I thought that JS/HTML5 did not have a wait function? One can loop the engine, 
which is horrible, or one can set timeouts for functions. What functionality do 
you access to induce a wait?

Sent from my iPhone

> On Jul 28, 2017, at 8:29 PM, Mark Waddingham via use-livecode 
> <use-livecode@lists.runrev.com> wrote:
> 
> Hi Hermann,
> 
> First of all please don't take any offence at my email as none was intended.
> 
> I was mainly trying to explain that whilst there are many things the HTML5 
> engine does not do, which means many stacks will not work without 
> changes/workarounds (indeed, somewhat significant ones) - there are 
> increasing numbers of those which do work and this is set to continue and 
> expand as we have more time to spend on the 'surface' features as opposed to 
> the core.
> 
>> On 2017-07-28 22:22, hh via use-livecode wrote:
>> Probably the "one" (=checking if the mouse is "down") pledged and bought a 
>> HTML5
>> license, the "at least other 2" (=never using it) didn't pledge nor
>> buy a license.
> 
> To be honest, this really is probably not true.
> 
> The thing is that 'the mouse' has long reported the event-asynchronous mouse 
> state, which is almost never what you actually want on modern purely 
> event-driven OSes - so over time its use has diminished as if you use it to 
> do certain things (not all - admittedly), you will end up noticing 
> 'interaction faults' which can be fixed by tracking mouseDown / mouseUp using 
> the event loop. Also, it is generally used alongside 'wait' - which of course 
> does not currently work.
> 
> Obviously you do use it, as do others, so it isn't that it is not important, 
> just that there are lots of other things that we have been working on in the 
> HTML5 engine first which *are* used much more widely.
> 
> It isn't actually possible to get the async mouse state on HTML5, so it will 
> not be 100% the same (although to be fair, the approximation we can use there 
> is probably more correct anyway). It is just a matter of time before we get 
> it to work, not if.
> 
>> I reported to quality center in Dec 2015/Jan 2016, that the state of the 
>> mouse
>> and modifier keys aren't recognized and that all menu buttons crash
>> the standalone.
> 
> Similarly, the modifierKeys.
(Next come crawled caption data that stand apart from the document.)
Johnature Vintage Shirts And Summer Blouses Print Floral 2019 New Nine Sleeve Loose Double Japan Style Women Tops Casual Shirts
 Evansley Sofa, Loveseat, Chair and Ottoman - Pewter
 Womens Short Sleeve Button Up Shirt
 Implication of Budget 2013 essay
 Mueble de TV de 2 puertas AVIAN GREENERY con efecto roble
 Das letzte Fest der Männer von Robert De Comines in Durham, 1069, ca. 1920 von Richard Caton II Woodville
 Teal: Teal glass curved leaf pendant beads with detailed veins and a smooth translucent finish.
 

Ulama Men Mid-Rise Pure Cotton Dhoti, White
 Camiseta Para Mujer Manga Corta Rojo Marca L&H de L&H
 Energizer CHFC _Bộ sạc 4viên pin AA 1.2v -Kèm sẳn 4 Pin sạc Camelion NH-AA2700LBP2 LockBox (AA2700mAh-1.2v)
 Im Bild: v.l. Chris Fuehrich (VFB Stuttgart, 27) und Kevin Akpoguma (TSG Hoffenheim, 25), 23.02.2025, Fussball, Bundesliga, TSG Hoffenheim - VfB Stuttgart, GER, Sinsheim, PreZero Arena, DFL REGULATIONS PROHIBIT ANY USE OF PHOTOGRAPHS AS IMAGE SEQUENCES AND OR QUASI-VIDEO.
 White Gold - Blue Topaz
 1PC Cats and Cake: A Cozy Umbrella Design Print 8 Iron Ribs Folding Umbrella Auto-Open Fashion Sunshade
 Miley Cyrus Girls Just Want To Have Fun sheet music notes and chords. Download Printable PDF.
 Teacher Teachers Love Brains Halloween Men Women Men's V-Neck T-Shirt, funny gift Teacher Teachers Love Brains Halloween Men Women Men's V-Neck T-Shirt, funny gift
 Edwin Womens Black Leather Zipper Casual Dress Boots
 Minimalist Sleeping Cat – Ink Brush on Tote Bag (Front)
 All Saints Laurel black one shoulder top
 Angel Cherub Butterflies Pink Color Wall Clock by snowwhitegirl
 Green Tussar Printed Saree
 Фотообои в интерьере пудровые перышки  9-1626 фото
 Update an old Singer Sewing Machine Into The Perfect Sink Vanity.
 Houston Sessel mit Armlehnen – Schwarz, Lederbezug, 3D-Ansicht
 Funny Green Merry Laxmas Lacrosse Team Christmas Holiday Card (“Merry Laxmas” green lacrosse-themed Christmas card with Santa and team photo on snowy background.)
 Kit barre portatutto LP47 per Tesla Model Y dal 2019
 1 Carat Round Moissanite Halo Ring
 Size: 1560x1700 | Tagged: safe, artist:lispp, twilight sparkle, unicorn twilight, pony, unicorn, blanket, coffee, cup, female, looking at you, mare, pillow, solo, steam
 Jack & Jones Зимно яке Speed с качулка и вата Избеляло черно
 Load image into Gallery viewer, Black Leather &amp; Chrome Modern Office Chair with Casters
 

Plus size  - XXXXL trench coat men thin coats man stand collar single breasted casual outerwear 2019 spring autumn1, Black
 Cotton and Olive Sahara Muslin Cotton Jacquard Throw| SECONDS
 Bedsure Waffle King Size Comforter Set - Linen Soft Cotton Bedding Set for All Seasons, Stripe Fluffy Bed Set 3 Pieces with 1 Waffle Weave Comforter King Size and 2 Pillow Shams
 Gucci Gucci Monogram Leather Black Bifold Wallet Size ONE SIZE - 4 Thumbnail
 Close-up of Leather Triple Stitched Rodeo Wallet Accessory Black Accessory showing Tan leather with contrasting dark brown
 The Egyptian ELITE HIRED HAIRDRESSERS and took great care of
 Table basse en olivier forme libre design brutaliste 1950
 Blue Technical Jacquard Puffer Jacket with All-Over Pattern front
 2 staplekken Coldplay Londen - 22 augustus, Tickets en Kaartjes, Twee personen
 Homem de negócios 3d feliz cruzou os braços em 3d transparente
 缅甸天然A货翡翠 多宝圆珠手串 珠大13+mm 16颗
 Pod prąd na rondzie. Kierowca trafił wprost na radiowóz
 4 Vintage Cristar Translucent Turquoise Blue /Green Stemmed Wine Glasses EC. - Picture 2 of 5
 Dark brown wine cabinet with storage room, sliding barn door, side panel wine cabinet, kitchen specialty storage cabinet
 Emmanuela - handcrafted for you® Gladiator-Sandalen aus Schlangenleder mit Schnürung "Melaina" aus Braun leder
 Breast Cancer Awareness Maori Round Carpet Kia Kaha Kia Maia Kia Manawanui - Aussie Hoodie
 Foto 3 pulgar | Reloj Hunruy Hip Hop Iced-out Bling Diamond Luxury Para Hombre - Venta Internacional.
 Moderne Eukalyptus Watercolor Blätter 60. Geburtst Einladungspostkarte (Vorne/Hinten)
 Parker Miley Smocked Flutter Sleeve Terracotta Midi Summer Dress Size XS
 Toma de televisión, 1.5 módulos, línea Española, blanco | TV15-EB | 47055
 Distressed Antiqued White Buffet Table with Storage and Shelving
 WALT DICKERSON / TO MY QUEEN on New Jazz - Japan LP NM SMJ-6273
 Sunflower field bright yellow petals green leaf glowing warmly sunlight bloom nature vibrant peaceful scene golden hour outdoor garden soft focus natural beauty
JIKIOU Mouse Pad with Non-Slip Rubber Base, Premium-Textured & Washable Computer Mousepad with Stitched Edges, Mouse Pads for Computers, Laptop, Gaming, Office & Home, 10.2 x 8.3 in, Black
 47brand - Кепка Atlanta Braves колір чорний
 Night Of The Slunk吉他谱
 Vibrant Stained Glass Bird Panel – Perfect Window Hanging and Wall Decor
Text entry and keyboard states for the LiveCode 
> engine in HTML5 is another what is a seemingly 'simple' thing from the 
> outside, but is actually not that simple at all under the hood.
> 
> We are still working on solving some issues with text entry - we will solve 
> the problem in time, but again as with other facets of this endeavour some 
> things are taking a lot longer than we had originally anticipated.
> 
>> Since the start of this *395 thousand dollars* project in July 2014 I made at
>> about 60 "successful tests" to show 'oh the HTML5 engine does this' and
>> 'oh it does that'. This wasn't easy at all, needed a _lot_ of workarounds ...
> 
> You've mentioned the amount of money raised several times; however, one thing 
> which everyone has to appreciate is that every project we have crowd-funded 
> has had the value raised matched at least by a factor of 2 from other sources 
> (in some cases significantly more). My point here is not to undervalue the 
> contribution that a good number of you have made, but to illustrate that the 
> scale of the projects we have crowd-funded have been significantly larger 
> than the dollar value we went out to the community to raise would suggest.
> 
> Indeed, we have already spent far in excess of $400k on the HTML5 project 
> when taking into account all work that we have undertake to do it (it isn't 
> just each line of code which is written, but also infrastructure, 
> maintenance, systems and a huge variety of other factors almost all entirely 
> not user/publicly visible).
> 
> There is no problem here (I assure you) - we expected it - we knew it was 
> going to be a large, difficult project. However it is one which was, is, and 
> remains a vital project to finish for our ecosystem as a whole and finish it 
> will shall.
> 
>> So I'll better stop now and wait for the suitable percentage of 'unchanged'
>> LiveCode demos (although "wait" is not allowed in HTML5 deployment).
> 
> I would hope that you will continue to do as you have been - because it has 
> been great to see many of the things you have achieved with the HTML5 engine 
> despite its various obvious omissions in functionality. It also helps us, the 
> engineering team, to see visible progress by users on a project which is 
> large, long and complex (and somewhat frustrating at times!) - particularly 
> when much of the work we are doing, and have been doing is entirely non-user 
> visible!
> 
>> What the team made in HTML deployment until now is *very* good, especially 
>> the
>> "do as javascript" part is excellent. Just put more of the funds (and by that
>> 'bandwidth') into it, so that also basic things (e.g. typing UTF-8 into a 
>> field)
>> do work.
> 
> Getting two way communication working in the HTML5 engine has been a 
> significant step forward. Particularly as it means we can now do the absolute 
> minimum in JavaScript and much more in LiveCode Script (what's the point of 
> engineering a language, if one does not use it oneself, after all!).
> 
> Indeed, I envisage a good deal of the engine functionality we need to still 
> implement relative to JavaScript should start being able to be done in 
> LiveCode Script - the networking stuff Michael has been working on, is an 
> implementation of libUrl in LiveCode Script and uses the JavaScript 
> interoperation features we have to provide its services.
> 
>> p.s. HTML5 standalones can talk to each other, several of them, in one 
>> browser
>> window. I just successfully tested that --- and trashed the demo.
> 
> This sounds very interesting in-and-of itself (perhaps not the trashing part 
> - please file a bug report if you can / have time to isolate the issue!).
> 
> Warmest Regards,
> 
> Mark.
> 
> P.S. At some point I'll write at length about the 'wait' problem in HTML5. 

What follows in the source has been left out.